Goal of the exercise.
Every line of the material is to be transcribed verbatim, with images omitted.

Collected data.
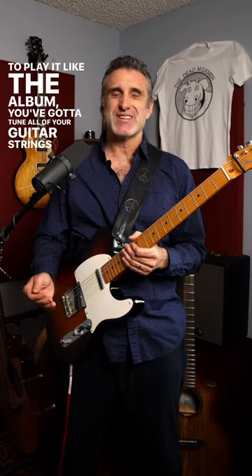And finally, Fortunate Son. Now this one's pretty wild. To play it like the album, you've got to tune all of your guitar strings down a whole step to really get that swampy sound.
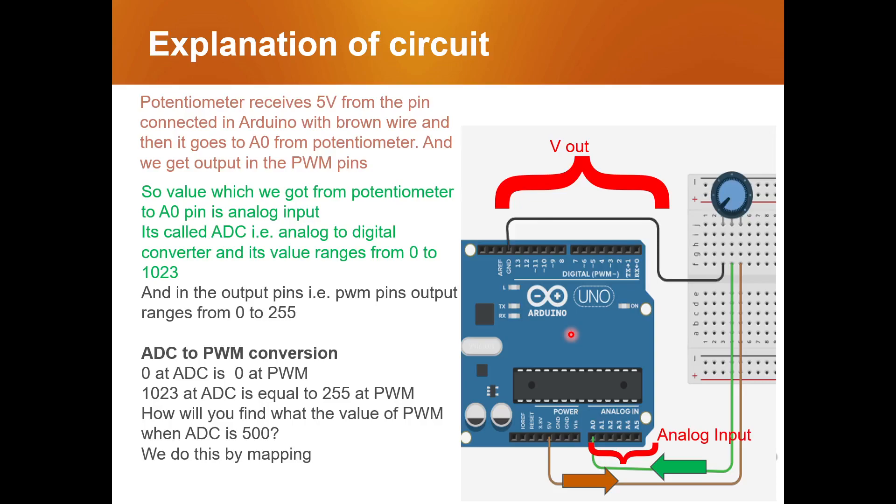Let's understand the maximum and minimum values. From the previous lecture on PWM pins, the maximum brightness for an LED was 255, so for PWM pins the maximum output is 255 and minimum is zero. On the analog side, the minimum is also zero but the maximum our ADC converter can achieve is 1023.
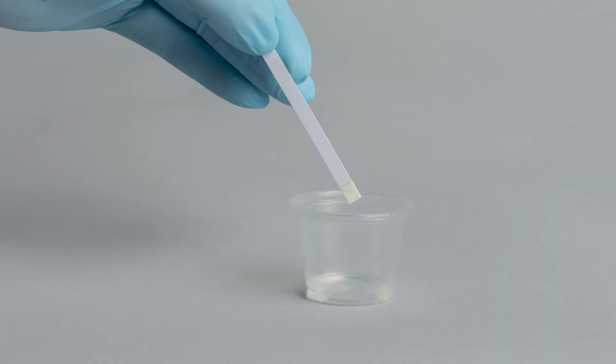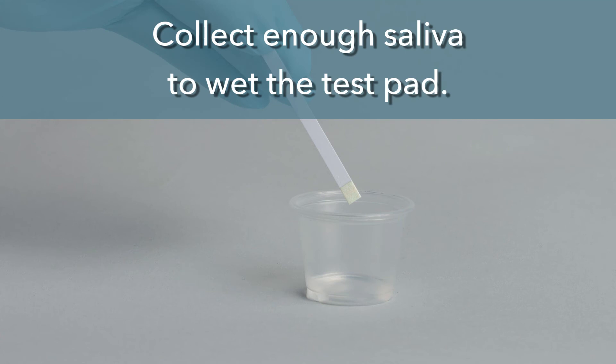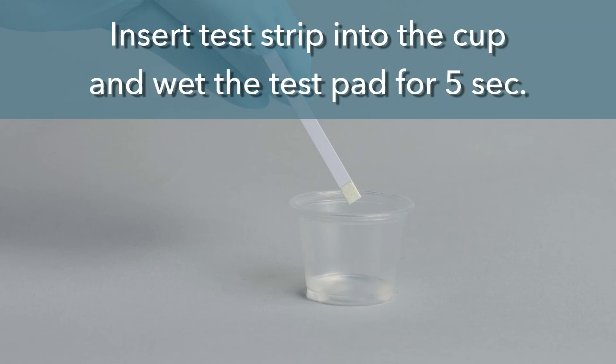Using a clean, dry, 1-ounce solo cup, have the donor spit into the cup, making sure you collect enough saliva to wet the test pad. Next, insert the test strip into the cup and wet the test pad with the saliva for 5 seconds.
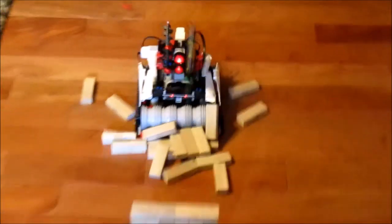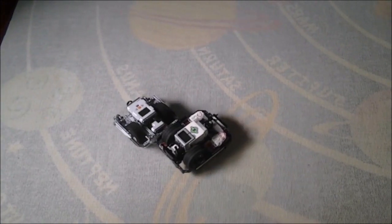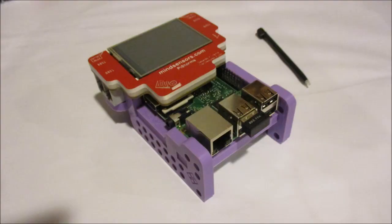From time to time, I'll also publish videos showcasing my own creations that I have built. Typically I'll build stuff with the EV3 platform, but I've also branched out into other platforms such as the BrickPie or PyStorms.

Problem solution.
And finally, Fortunate Son. Now this one's pretty wild. To play it like the album, you've got to tune all of your guitar strings down a whole step to really get that swampy sound.
Let's understand the maximum and minimum values. From the previous lecture on PWM pins, the maximum brightness for an LED was 255, so for PWM pins the maximum output is 255 and minimum is zero. On the analog side, the minimum is also zero but the maximum our ADC converter can achieve is 1023.
Using a clean, dry, 1-ounce solo cup, have the donor spit into the cup, making sure you collect enough saliva to wet the test pad. Next, insert the test strip into the cup and wet the test pad with the saliva for 5 seconds.
From time to time, I'll also publish videos showcasing my own creations that I have built. Typically I'll build stuff with the EV3 platform, but I've also branched out into other platforms such as the BrickPie or PyStorms.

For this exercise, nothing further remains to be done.